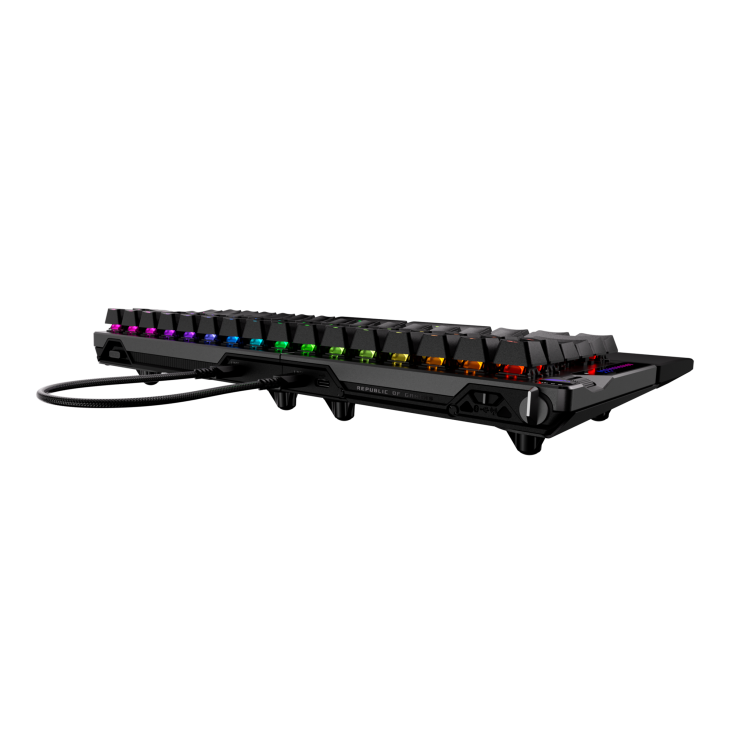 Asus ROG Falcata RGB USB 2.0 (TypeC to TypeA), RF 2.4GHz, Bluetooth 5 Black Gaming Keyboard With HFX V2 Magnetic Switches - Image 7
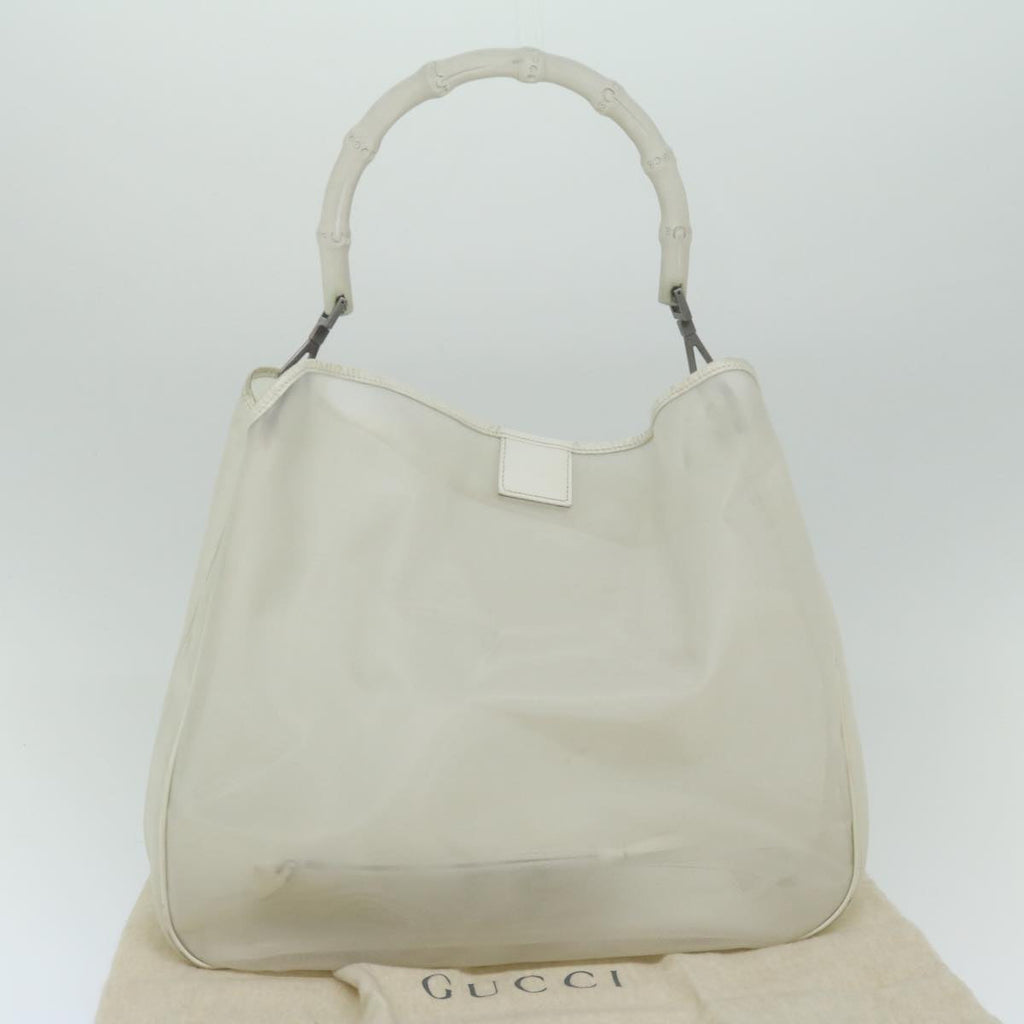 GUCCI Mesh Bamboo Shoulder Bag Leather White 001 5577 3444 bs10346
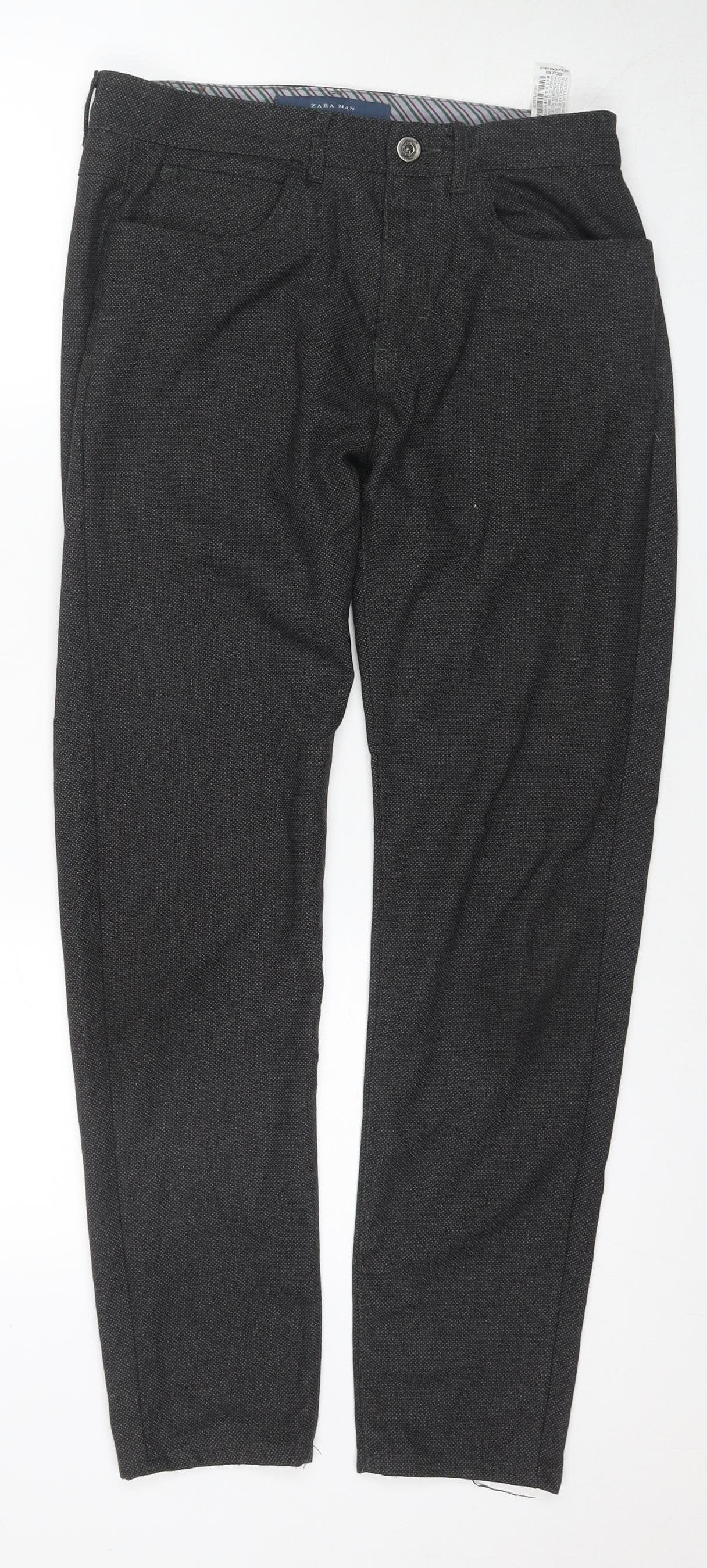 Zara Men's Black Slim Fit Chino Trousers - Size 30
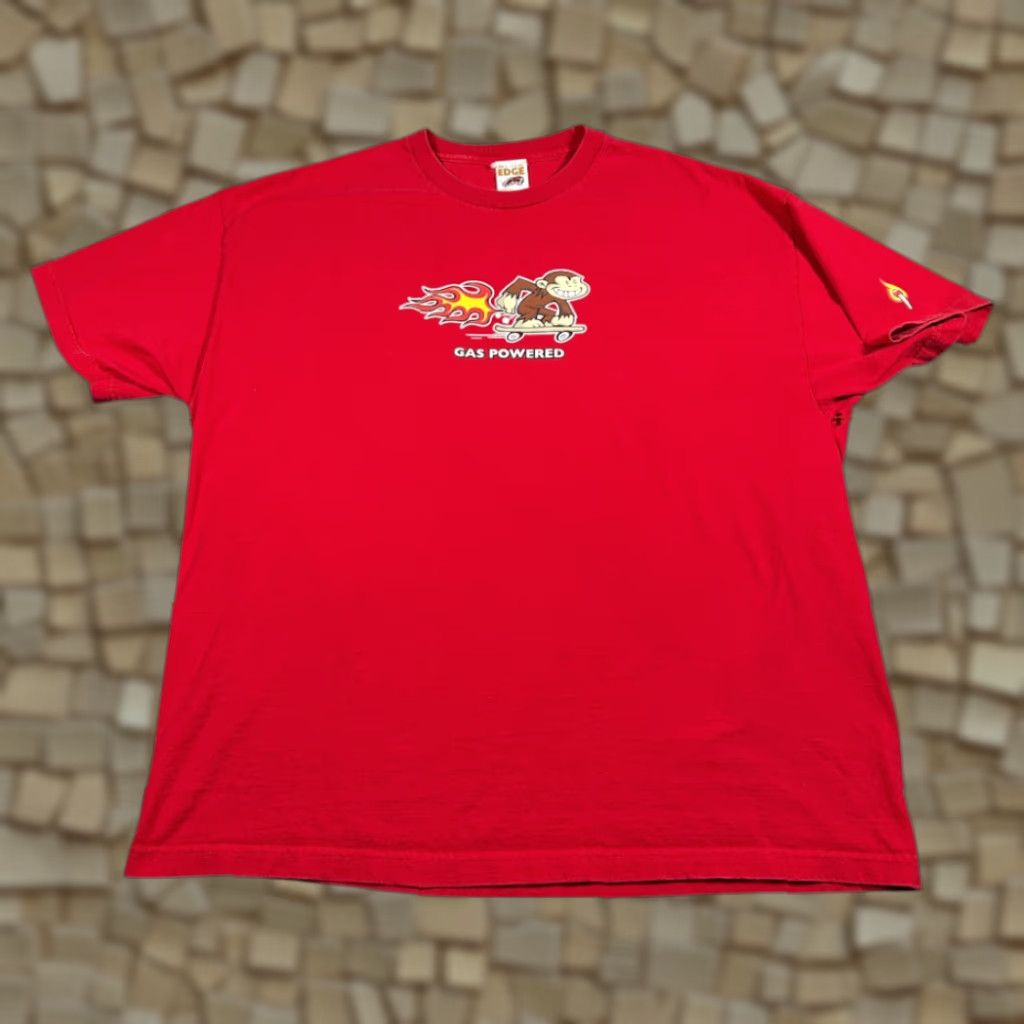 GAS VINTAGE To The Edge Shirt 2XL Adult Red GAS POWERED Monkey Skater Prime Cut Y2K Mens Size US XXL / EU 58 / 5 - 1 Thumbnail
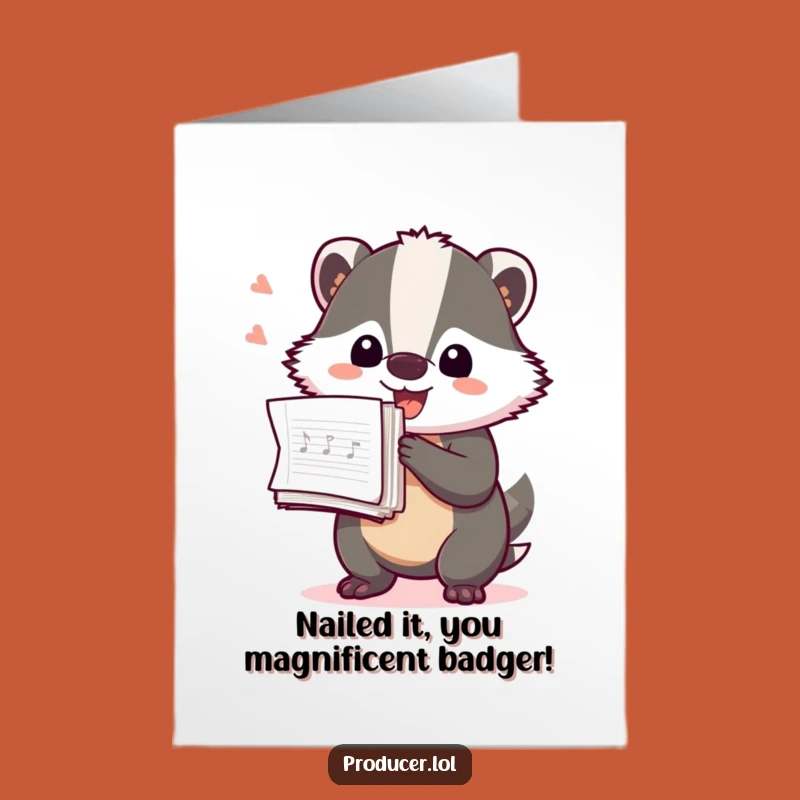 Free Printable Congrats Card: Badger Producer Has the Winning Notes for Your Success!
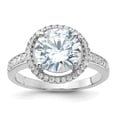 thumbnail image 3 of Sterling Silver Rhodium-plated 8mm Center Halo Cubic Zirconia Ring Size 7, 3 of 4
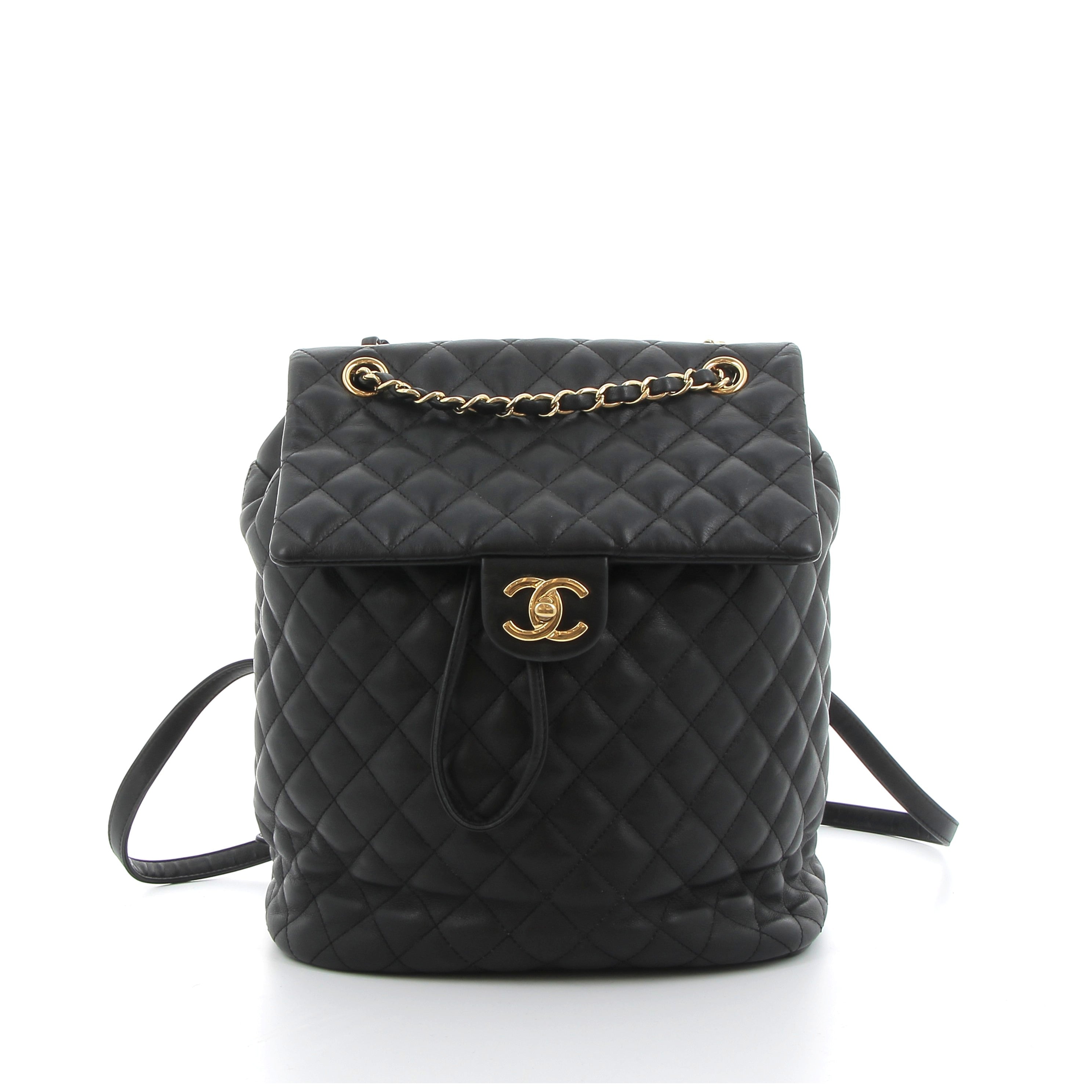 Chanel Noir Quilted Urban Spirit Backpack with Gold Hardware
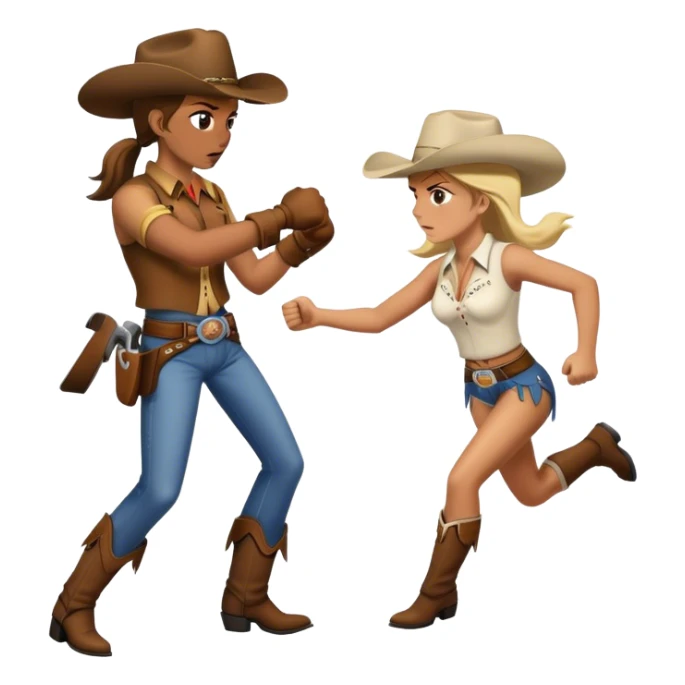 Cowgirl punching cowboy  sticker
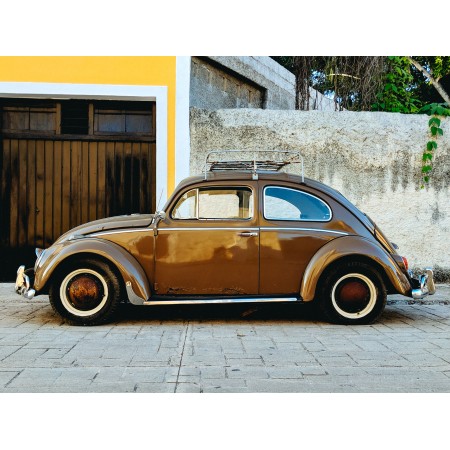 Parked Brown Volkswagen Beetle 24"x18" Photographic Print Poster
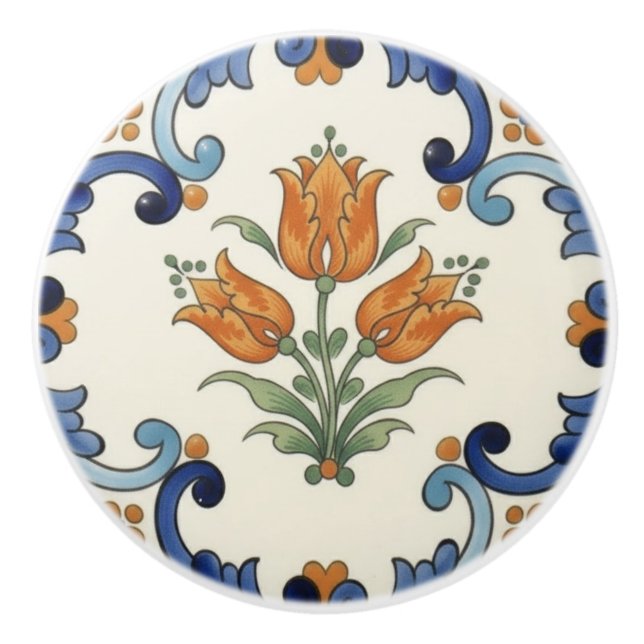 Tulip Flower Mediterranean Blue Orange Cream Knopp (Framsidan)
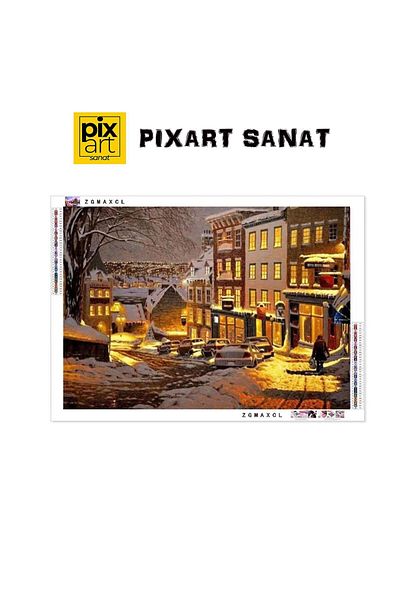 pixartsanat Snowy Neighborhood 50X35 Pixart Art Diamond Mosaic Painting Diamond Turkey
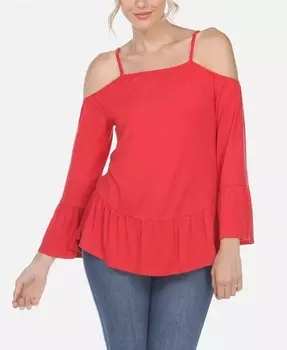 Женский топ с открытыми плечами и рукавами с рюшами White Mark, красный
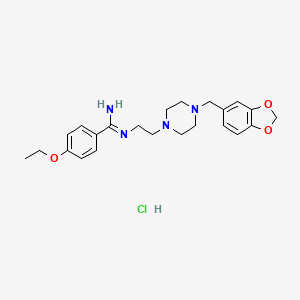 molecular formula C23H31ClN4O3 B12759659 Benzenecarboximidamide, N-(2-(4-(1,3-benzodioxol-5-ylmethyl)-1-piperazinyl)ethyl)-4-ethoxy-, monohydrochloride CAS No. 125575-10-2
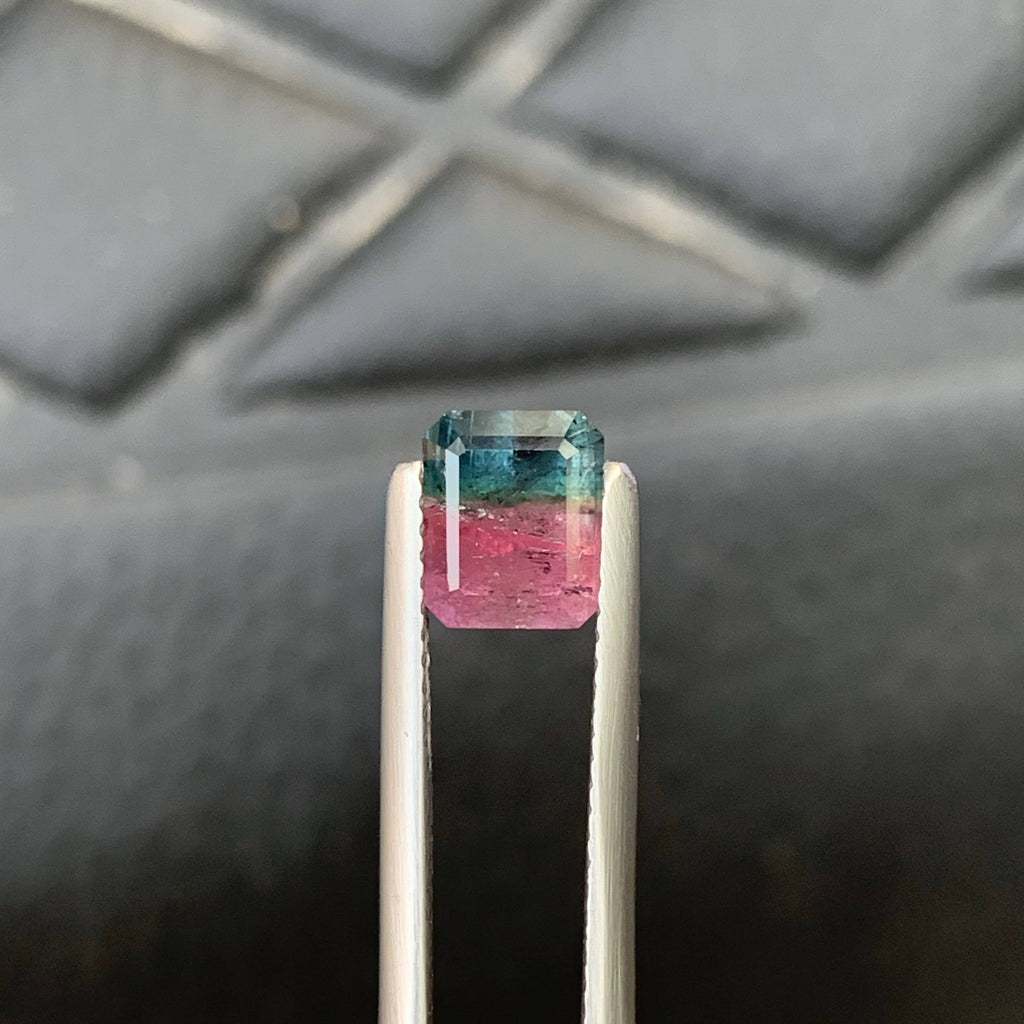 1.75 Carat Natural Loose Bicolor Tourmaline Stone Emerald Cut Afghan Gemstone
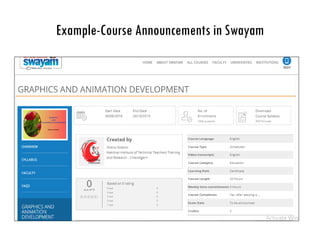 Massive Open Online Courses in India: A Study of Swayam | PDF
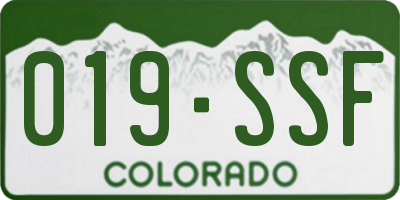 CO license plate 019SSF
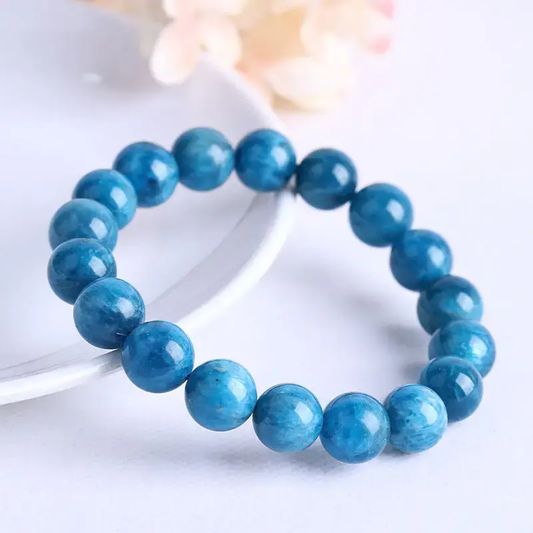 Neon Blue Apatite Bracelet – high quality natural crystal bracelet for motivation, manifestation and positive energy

****

EXERCISE DESCRIPTION
Recreate the listing above word for word, dropping each picture it contains.

WRITTEN SOLUTION
 Asus ROG Falcata RGB USB 2.0 (TypeC to TypeA), RF 2.4GHz, Bluetooth 5 Black Gaming Keyboard With HFX V2 Magnetic Switches - Image 7
 GUCCI Mesh Bamboo Shoulder Bag Leather White 001 5577 3444 bs10346
 Zara Men's Black Slim Fit Chino Trousers - Size 30
 GAS VINTAGE To The Edge Shirt 2XL Adult Red GAS POWERED Monkey Skater Prime Cut Y2K Mens Size US XXL / EU 58 / 5 - 1 Thumbnail
 Free Printable Congrats Card: Badger Producer Has the Winning Notes for Your Success!
 thumbnail image 3 of Sterling Silver Rhodium-plated 8mm Center Halo Cubic Zirconia Ring Size 7, 3 of 4
 Chanel Noir Quilted Urban Spirit Backpack with Gold Hardware
 Cowgirl punching cowboy  sticker
 Parked Brown Volkswagen Beetle 24"x18" Photographic Print Poster
 Tulip Flower Mediterranean Blue Orange Cream Knopp (Framsidan)
 pixartsanat Snowy Neighborhood 50X35 Pixart Art Diamond Mosaic Painting Diamond Turkey
 Женский топ с открытыми плечами и рукавами с рюшами White Mark, красный
 molecular formula C23H31ClN4O3 B12759659 Benzenecarboximidamide, N-(2-(4-(1,3-benzodioxol-5-ylmethyl)-1-piperazinyl)ethyl)-4-ethoxy-, monohydrochloride CAS No. 125575-10-2
 1.75 Carat Natural Loose Bicolor Tourmaline Stone Emerald Cut Afghan Gemstone
 Massive Open Online Courses in India: A Study of Swayam | PDF
 CO license plate 019SSF
 Neon Blue Apatite Bracelet – high quality natural crystal bracelet for motivation, manifestation and positive energy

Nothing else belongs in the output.